Fragmentation is subsequently conducted to reach the desired length for different NGS technologies. Some small RNAs, such as microRNAs, piwi-interacting RNAs, and short interfering RNAs, can be directly sequenced without fragmentation. Larger RNA molecules need to be fragmented into smaller pieces (200-500 bp) before deep-sequencing technologies. cDNA fragmentation (DNase I treatment or sonication) and RNA hydrolysis or nebulization. However, each of these methods can create a different bias in the outcome. For example, cDNA fragmentation is usually strongly biased towards the identification of sequences from the 3’ ends of transcripts, while RNA fragmentation has little bias over the transcript but is depleted for transcript ends. Therefore, cDNA fragmentation provides valuable information about the precise identity of these ends and RNA fragmentation provides access to precisely identity of the transcript body.

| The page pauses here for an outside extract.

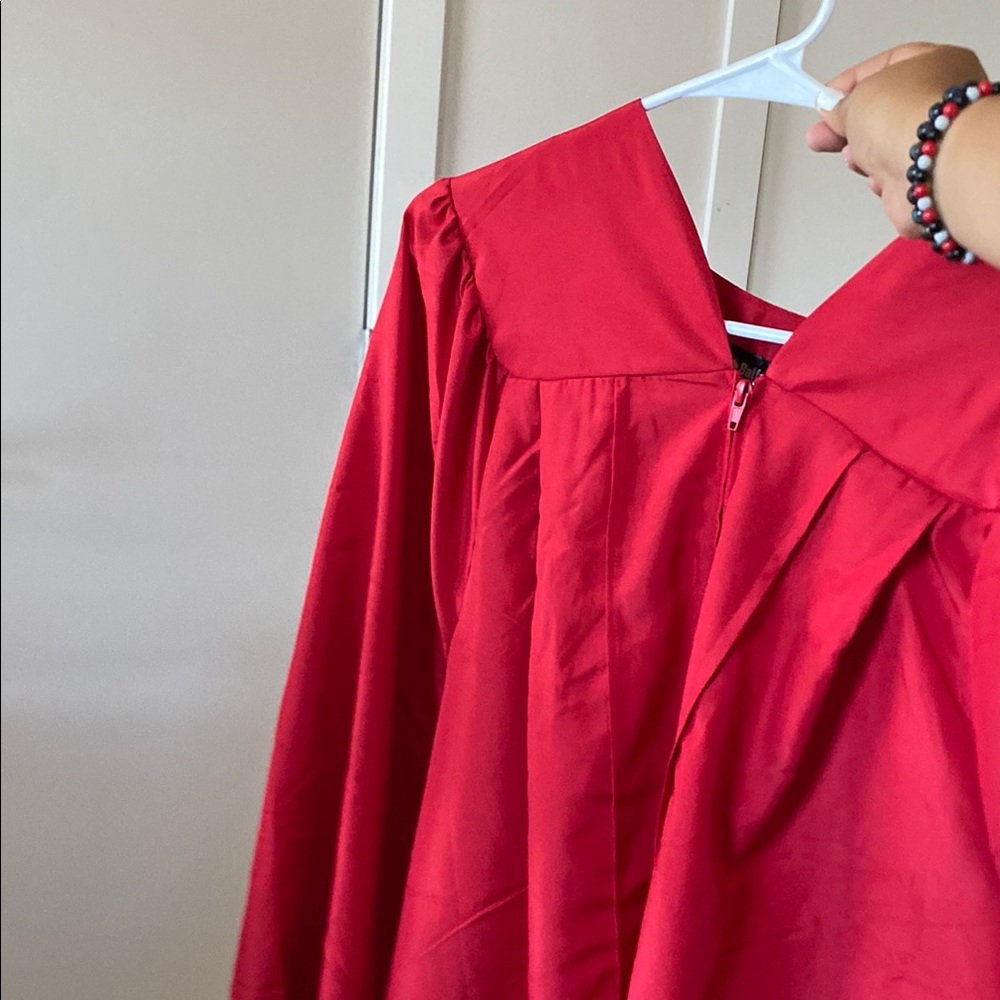 Baleaf Red Ceremony Gown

In the classic NGS protocols, adapters are ligated onto shared double-stranded DNA fragments. However, a major drawback of this approach is the loss of information on transcriptional direction. Pre-treat the RNA samples with sodium bisulphate can convert the cytidine into uridine. Widespread C-T transition thereby marks the coding stand of each transcript. Some other methods that maintain strand-specificity have been proposed, such as direct ligation of RNA adaptors to the RNA sample before reverse transcription.

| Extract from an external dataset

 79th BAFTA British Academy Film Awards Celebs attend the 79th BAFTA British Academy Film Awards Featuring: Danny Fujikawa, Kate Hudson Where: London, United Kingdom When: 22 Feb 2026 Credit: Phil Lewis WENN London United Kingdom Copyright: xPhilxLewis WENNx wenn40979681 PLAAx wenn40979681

The RNA-seq is currently dominated by three different platforms: Illumina (Genome Analyzer and HiSeq), Applied Biosystems SOLID, and Roche 454 Life Science systems. Read lengths range from 30-100 bp for Illumina and SOLiD, and 200-500 bp for 454 pyrosequencing system. 454-based RNA-seq is particularly attractive for non-model organisms without reference genomes or transcriptomes. Longer reads or paired-end short reads can reveal connectivity between multiple exons. RNA-seq is a powerful method to study complex transcriptomes and reveal sequence variations in the transcribed regions.

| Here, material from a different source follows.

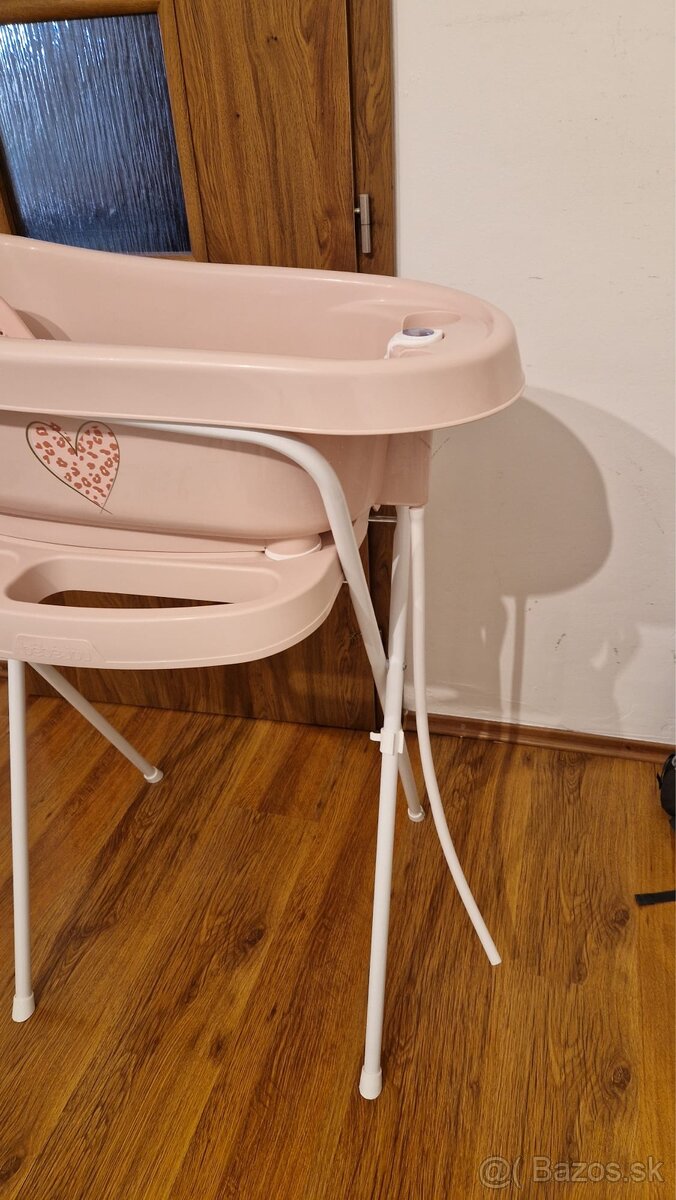 Detská vanička so stojanom a ležadlom - 10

Figure 3. A typical analysis pipeline of RNA-seq data.
Quality assessment is the first step for the bioinformatics analysis of RNA-seq, which ensures a coherent final result by removal of low-quality sequences, over-represented sequences, and adapter sequences. Once all reads have been filtered and mapped or assembled, gene expression levels can thus be inferred, leading to a genome-scale transcriptome map in terms of quality and quantity. RNA-seq also allows detecting differential expression (DE) across treatments of conditions. Normalization has to be conducted to adjust the differences between samples such as library size and gene-specific features. Furthermore, RNA-seq enables us to identify SNPs, fusion genes, and post-transcriptional gene regulation, such as RNA editing, degradation, and translation.